With the Toutle River on Mount St. Helens, a trap-and-haul system was implemented because it was the only viable option.
“The SRS is a dam, and there’s a reservoir behind it. There wasn’t a feasible way to build anything else,” Buehrens said.
According to Buehrens, the SRS is almost full. The Army Corps has been slated to slightly raise its height over the coming years to increase its capacity to hold more sediment.
“But not indefinitely; there are only one or two more raises,” he said.
Life finds a way
The spillway of the SRS was blasted out of bedrock, and it was blasted at a 6% or 7% slope. It looks like a steep set of cascades in a canyon.
“The interesting thing is that somewhere between 2010 and 2015,” Buehrens told The News Tribune, “USGS put radio tags in adult steelhead and coho and released them below the SRS wondering what will our fish do, and can they swim up it?”
Surprising everyone, about half of the steelhead were able to swim up the face of the SRS spillway with no assistance. The coho had less success, but the steelhead that made it did so on their own.
What that told the WDFW is that this structure, as it is now, is nearly passable to salmon and steelhead.

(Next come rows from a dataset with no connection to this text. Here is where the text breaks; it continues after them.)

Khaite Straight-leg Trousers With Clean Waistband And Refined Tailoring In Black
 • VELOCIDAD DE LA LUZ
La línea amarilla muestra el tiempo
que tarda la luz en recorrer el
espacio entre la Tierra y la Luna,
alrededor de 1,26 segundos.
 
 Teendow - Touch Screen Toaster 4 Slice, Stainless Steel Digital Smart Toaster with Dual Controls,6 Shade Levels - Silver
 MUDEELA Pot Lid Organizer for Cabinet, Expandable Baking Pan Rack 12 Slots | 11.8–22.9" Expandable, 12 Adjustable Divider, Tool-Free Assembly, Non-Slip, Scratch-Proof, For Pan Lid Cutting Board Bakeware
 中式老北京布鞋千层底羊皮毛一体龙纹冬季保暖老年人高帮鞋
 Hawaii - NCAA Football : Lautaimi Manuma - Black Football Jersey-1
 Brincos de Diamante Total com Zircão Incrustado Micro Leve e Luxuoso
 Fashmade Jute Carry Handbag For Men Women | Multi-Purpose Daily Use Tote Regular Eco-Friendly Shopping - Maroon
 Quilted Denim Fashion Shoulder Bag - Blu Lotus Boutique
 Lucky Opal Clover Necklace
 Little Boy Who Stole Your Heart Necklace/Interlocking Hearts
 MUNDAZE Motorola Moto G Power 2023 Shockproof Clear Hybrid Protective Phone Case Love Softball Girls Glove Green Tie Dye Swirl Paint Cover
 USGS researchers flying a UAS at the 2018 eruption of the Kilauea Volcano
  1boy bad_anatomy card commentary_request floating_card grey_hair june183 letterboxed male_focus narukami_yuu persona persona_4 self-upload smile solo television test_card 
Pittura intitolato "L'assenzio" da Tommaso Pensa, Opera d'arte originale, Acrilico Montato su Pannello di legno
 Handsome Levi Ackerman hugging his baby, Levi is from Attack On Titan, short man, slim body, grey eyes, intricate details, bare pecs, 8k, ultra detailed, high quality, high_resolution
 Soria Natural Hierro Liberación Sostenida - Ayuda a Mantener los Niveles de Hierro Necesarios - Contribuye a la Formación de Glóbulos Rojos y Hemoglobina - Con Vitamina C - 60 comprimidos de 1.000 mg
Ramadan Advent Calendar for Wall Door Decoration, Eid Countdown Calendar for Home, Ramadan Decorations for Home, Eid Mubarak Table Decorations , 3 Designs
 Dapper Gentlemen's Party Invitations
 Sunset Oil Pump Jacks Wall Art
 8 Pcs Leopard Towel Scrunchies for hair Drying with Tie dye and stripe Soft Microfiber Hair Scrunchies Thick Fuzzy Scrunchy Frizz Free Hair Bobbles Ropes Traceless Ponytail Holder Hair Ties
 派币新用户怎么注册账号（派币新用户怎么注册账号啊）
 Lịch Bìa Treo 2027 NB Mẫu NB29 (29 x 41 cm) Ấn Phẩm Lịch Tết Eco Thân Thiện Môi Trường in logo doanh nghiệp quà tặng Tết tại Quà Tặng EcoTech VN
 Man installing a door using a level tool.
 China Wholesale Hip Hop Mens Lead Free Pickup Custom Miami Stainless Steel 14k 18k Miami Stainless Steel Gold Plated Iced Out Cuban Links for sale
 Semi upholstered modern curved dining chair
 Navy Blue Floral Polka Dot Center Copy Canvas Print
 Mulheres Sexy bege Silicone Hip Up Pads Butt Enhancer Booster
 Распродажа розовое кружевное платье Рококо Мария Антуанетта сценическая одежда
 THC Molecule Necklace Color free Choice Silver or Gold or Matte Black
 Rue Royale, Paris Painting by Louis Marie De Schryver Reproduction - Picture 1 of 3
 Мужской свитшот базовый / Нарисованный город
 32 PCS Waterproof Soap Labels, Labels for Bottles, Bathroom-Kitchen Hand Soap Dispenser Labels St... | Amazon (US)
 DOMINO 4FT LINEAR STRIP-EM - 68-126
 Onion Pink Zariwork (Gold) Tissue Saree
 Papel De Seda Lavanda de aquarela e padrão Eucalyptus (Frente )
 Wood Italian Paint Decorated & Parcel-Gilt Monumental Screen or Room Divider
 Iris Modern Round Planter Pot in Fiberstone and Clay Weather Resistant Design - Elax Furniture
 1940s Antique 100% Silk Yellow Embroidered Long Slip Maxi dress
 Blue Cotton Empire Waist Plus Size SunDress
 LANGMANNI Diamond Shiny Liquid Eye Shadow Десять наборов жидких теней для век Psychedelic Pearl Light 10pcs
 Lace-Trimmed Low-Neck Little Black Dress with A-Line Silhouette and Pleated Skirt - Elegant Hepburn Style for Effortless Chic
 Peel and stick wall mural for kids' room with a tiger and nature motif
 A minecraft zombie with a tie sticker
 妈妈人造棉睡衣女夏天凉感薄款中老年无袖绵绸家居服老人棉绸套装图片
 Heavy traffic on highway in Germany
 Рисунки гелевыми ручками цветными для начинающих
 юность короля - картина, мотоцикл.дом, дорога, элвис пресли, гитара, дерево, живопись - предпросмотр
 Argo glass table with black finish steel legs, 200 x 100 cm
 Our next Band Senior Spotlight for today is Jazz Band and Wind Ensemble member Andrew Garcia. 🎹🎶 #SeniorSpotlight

“And that became our long-term goal,” Buehrens said. “We will find a way to construct passage up the spillway. I don’t know if it will be a fish ladder, or exactly what the design details are. But that is our stated long-term goal. That there will one day be volitional fish passage up the spillway of the SRS.”
Return of the Chinook
On June 10, 30 Chinook salmon were released into Coldwater Creek above the SRS using the trap-and-haul method, marking the first time the species have returned to the upper watershed since the eruption.
Buehrens was there for the occasion, as were conservation groups, state and federal agencies, and members of the Cowlitz Indian Tribe.
“It’s been phenomenal working with the Cowlitz Tribe,” Buehrens told The News Tribune. “It’s been a great honor for us, and they’ve been amazing collaborators.”
“If we don’t do this work today, there will be nothing for anybody in the future to fish,” William Lyell, chairman of the Cowlitz Tribe, told The News Tribune in an email. “So we want to protect that resource and protect the interests of all so that one day we participate at the level that we did for thousands and thousands of years to feed our people with critical first foods.”
On that day, a press conference was held at the release site, near the North Fork of the Toutle River, where federal and state agencies and members of the Cowlitz Indian Tribe spoke to the media.
Thirty Chinook were released, but the goal is to release at least 300 fish annually, both spring Chinook and fall Chinook, into the watershed.
“It’s significant in the standpoint that that small number brings a lot of hope with it. And how many can make it back?” Lyell told KATU, an ABC television station out of Portland.
“That’s sort of how the world began, wasn’t it?” Tanna Engdahl, spiritual leader of the Cowlitz Tribe, responded.